Polymers and composites made incredibly cheaply

fiber-reinforced-polymer
The method allowed 3-D printing of a spiral (top) and a molecular model of the monomer (center). The team also fabricated a carbon-fiber-reinforced composite panel (bottom) similar to those used for cars, boats, and planes.

Researchers have found a way to create industrially important thermoset polymer and fiber-reinforced polymer composite products at considerably lower expense than has been possible before.

The method could be useful for making a wide variety of polymer and composite products in a range of creative forms—including strong, lightweight shaped materials for the bodies of cars, boats, and planes, some of the largest-volume applications of fiber-reinforced polymer composites.

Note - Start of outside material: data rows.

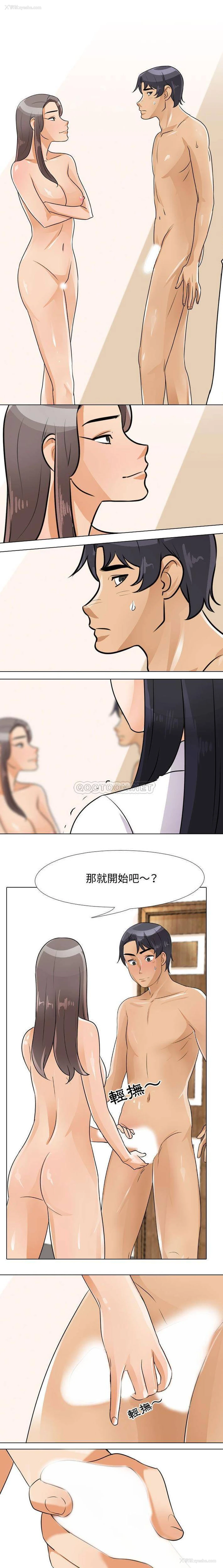 11P - 同事换换爱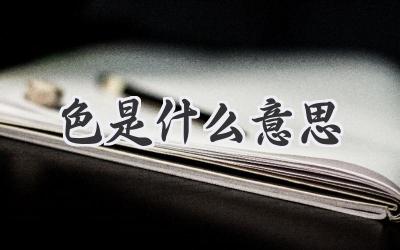 色是什么意思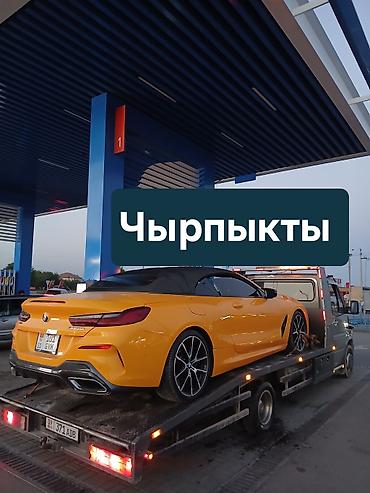 2 8: С жёсткой сцепкой, С манипулятором, С лебедкой — 1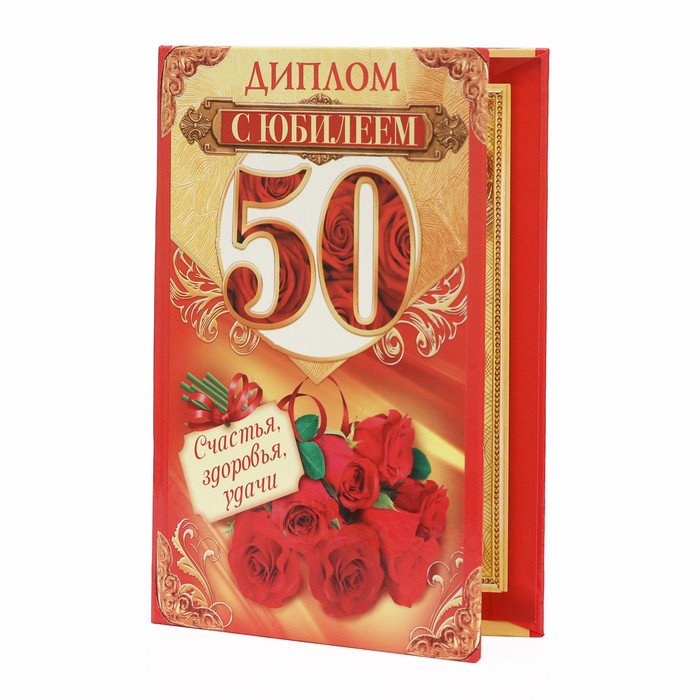 

Диплом "С юбилеем 50"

Manufacturing high-performance thermoset components currently require autoclaves that cure preshaped monomer resins by heating them under pressure. The size of the autoclave scales with the size of the component, so some are very large indeed. The process is slow and uses an enormous amount of energy, especially for large components.

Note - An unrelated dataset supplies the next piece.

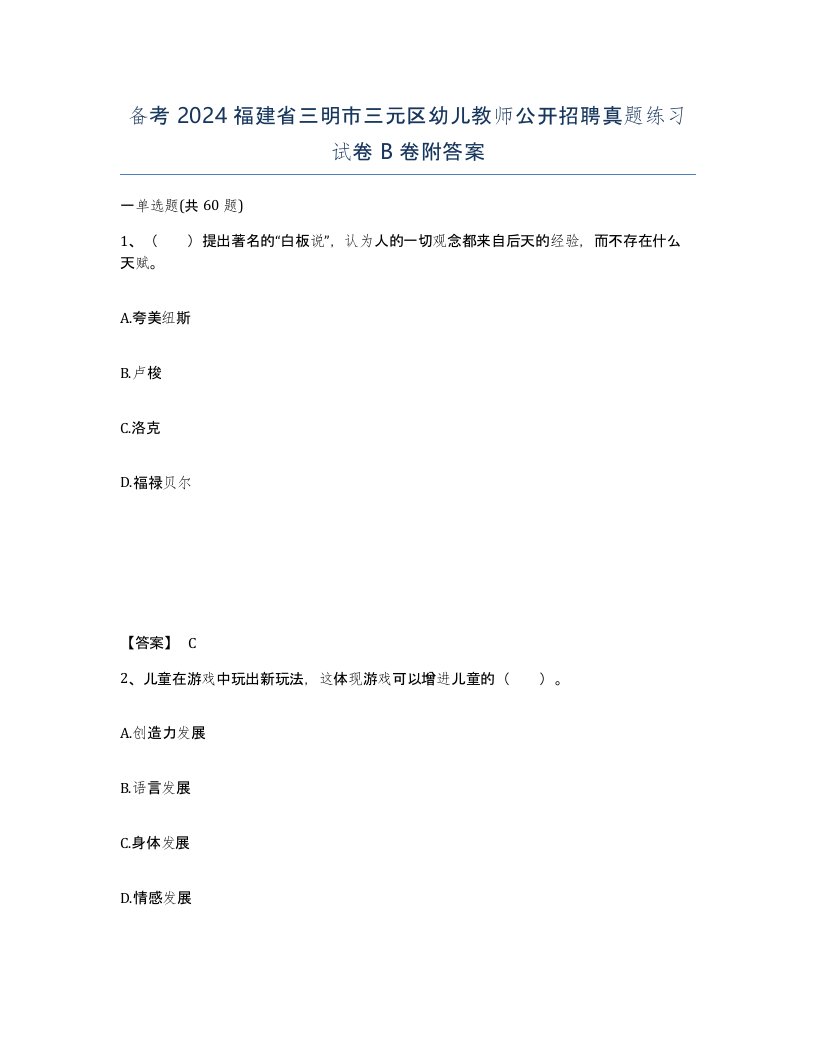 备考2024福建省三明市三元区幼儿教师公开招聘真题练习试卷B卷附答案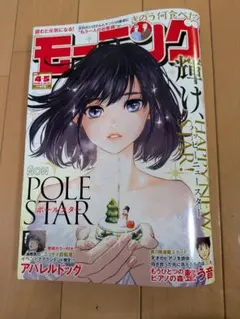 Item thumbnail for item 7a498689-00c7-4c60-961d-04dc3c2e97c2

Aerospace engineers Scott R. White and Philippe H. Geubelle, chemist Jeffrey S. Moore, materials scientist Nancy R. Sottos, and coworkers at the University of Illinois, Urbana-Champaign, developed the new cost-effective method (Nature 2018, DOI: 10.1038/s41586-018-0054-x).

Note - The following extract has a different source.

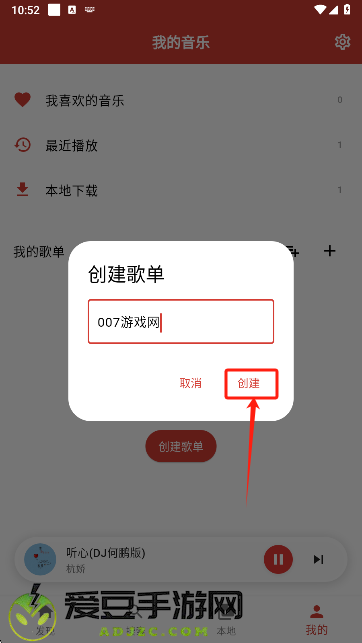 EMO音乐app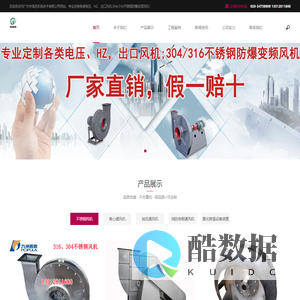 广州市高迅机电技术有限公司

The researchers estimate that conventional curing of a small section of a Boeing 787 fiber-reinforced composite fuselage requires 96,000 kilowatt hours of electrical energy, the amount used by about nine residential homes in one year. They believe their new curing method would lower the energy requirement for the same part to 9.6 milliwatt hours, enough to light a 25-watt incandescent bulb for about 2 seconds.